## REQUIRED WORK
Below are entries; print them exactly from the first line through the one containing "2848 E Cardinal Dr photos photos".

───── WORKING DATA

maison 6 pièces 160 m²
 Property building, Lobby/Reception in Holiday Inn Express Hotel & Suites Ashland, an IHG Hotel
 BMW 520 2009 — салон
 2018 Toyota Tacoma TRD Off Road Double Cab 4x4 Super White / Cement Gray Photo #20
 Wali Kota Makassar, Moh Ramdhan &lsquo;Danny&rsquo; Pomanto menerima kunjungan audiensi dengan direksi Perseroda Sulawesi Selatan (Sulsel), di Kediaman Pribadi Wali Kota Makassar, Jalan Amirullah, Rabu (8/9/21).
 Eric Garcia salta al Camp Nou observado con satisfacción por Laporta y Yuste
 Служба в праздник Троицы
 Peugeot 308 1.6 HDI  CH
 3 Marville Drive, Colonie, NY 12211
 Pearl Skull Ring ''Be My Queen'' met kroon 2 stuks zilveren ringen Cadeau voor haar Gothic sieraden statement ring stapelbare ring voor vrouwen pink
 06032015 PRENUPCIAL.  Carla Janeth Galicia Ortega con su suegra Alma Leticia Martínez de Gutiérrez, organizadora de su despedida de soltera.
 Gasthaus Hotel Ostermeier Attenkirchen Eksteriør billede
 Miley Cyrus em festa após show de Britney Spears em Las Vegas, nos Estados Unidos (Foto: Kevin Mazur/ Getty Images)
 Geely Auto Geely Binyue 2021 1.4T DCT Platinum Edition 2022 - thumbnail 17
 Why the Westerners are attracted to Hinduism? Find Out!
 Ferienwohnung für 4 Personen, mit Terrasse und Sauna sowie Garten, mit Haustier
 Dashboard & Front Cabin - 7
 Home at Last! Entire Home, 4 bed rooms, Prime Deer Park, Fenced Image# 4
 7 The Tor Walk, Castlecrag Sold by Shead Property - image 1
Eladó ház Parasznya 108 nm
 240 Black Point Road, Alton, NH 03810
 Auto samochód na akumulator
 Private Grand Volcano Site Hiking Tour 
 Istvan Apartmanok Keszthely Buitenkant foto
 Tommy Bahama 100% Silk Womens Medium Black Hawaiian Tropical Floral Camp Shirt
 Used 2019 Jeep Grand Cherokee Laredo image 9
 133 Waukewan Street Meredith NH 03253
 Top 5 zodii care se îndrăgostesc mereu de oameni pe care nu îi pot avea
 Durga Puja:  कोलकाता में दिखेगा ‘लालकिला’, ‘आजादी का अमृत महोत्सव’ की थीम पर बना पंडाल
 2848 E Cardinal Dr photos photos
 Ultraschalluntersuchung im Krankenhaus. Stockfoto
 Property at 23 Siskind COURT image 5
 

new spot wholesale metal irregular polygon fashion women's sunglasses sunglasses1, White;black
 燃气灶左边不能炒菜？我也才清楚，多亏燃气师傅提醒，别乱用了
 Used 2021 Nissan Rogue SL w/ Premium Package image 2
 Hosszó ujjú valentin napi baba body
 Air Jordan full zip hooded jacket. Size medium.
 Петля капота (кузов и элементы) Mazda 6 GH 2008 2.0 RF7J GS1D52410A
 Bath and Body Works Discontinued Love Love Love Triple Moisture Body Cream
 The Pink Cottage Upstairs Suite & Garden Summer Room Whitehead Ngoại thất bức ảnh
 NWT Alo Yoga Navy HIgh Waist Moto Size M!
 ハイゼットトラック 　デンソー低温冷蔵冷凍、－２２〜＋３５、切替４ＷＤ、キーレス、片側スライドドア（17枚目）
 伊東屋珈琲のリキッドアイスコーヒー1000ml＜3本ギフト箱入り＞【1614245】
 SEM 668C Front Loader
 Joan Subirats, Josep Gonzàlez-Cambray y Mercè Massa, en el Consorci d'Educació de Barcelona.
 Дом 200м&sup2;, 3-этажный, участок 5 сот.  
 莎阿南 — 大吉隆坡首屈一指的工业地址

──────────

## EXPECTED ANSWER
maison 6 pièces 160 m²
 Property building, Lobby/Reception in Holiday Inn Express Hotel & Suites Ashland, an IHG Hotel
 BMW 520 2009 — салон
 2018 Toyota Tacoma TRD Off Road Double Cab 4x4 Super White / Cement Gray Photo #20
 Wali Kota Makassar, Moh Ramdhan &lsquo;Danny&rsquo; Pomanto menerima kunjungan audiensi dengan direksi Perseroda Sulawesi Selatan (Sulsel), di Kediaman Pribadi Wali Kota Makassar, Jalan Amirullah, Rabu (8/9/21).
 Eric Garcia salta al Camp Nou observado con satisfacción por Laporta y Yuste
 Служба в праздник Троицы
 Peugeot 308 1.6 HDI  CH
 3 Marville Drive, Colonie, NY 12211
 Pearl Skull Ring ''Be My Queen'' met kroon 2 stuks zilveren ringen Cadeau voor haar Gothic sieraden statement ring stapelbare ring voor vrouwen pink
 06032015 PRENUPCIAL.  Carla Janeth Galicia Ortega con su suegra Alma Leticia Martínez de Gutiérrez, organizadora de su despedida de soltera.
 Gasthaus Hotel Ostermeier Attenkirchen Eksteriør billede
 Miley Cyrus em festa após show de Britney Spears em Las Vegas, nos Estados Unidos (Foto: Kevin Mazur/ Getty Images)
 Geely Auto Geely Binyue 2021 1.4T DCT Platinum Edition 2022 - thumbnail 17
 Why the Westerners are attracted to Hinduism? Find Out!
 Ferienwohnung für 4 Personen, mit Terrasse und Sauna sowie Garten, mit Haustier
 Dashboard & Front Cabin - 7
 Home at Last! Entire Home, 4 bed rooms, Prime Deer Park, Fenced Image# 4
 7 The Tor Walk, Castlecrag Sold by Shead Property - image 1
Eladó ház Parasznya 108 nm
 240 Black Point Road, Alton, NH 03810
 Auto samochód na akumulator
 Private Grand Volcano Site Hiking Tour 
 Istvan Apartmanok Keszthely Buitenkant foto
 Tommy Bahama 100% Silk Womens Medium Black Hawaiian Tropical Floral Camp Shirt
 Used 2019 Jeep Grand Cherokee Laredo image 9
 133 Waukewan Street Meredith NH 03253
 Top 5 zodii care se îndrăgostesc mereu de oameni pe care nu îi pot avea
 Durga Puja:  कोलकाता में दिखेगा ‘लालकिला’, ‘आजादी का अमृत महोत्सव’ की थीम पर बना पंडाल
 2848 E Cardinal Dr photos photos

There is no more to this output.